I hold that universes have always existed. Endlessly throughout time, no begining or end, and it is actually our liner life spans which make us think that everything has to have a start and a end.

As for space it is the same thing, you can set off in one direction and you will always encounter something even if you lived forever. Though there will be many places where all you encounter is the dark, cold, of space. It is a biiiig place, with lots of nothing between all the something after all. But even if you where to find some 'end of the universe' there would be nothing stopping you from just leaving the universe and likely finding another after what would seem a aeon of floating in whatever passes as space between whole universes.
 

Maze1125

New member
Oct 14, 2008
1,679
0
0
Jinx_Dragon said:
I don't believe it is expanding, cause I don't believe in the big bang theory (there was nothing, then it exploded).
Except that's not the Big Bang theory in the slightest...

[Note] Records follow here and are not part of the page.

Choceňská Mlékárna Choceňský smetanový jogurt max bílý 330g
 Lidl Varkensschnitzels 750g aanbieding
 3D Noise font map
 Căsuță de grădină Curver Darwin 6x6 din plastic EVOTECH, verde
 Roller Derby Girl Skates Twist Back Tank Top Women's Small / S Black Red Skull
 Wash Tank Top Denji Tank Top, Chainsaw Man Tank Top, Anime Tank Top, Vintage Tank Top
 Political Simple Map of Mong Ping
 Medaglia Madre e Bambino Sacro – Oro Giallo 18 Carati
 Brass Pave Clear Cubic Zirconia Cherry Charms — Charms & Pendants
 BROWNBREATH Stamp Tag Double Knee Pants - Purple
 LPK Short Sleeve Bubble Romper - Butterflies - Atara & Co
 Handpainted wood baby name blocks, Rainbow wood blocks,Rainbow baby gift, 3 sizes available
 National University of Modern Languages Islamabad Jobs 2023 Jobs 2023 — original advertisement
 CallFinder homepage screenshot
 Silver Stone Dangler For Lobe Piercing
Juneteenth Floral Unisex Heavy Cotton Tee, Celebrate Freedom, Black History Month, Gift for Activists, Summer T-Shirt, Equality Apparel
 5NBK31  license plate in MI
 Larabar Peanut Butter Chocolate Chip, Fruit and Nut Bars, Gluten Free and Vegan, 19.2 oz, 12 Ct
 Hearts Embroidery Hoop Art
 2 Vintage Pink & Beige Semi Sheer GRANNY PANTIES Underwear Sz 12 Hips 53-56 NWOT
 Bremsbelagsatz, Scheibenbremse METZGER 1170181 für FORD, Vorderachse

And you don't believe it's expanding? Then how do you explain the fact we can look out into the universe see that all galaxies are moving away from each other?
 

Jinx_Dragon

New member
Jan 19, 2009
1,274
0
0
Maze1125 said:
Jinx_Dragon said:
I don't believe it is expanding, cause I don't believe in the big bang theory (there was nothing, then it exploded).
Except that's not the Big Bang theory in the slightest...

And you don't believe it's expanding? Then how do you explain the fact we can look out into the universe see that all galaxies are moving away from each other?
Your clearly not a a Terry Pratchett fan I see. It does highlight the problem with the theory though...
What was there before the big bang?
If there was nothing then where did everything come from?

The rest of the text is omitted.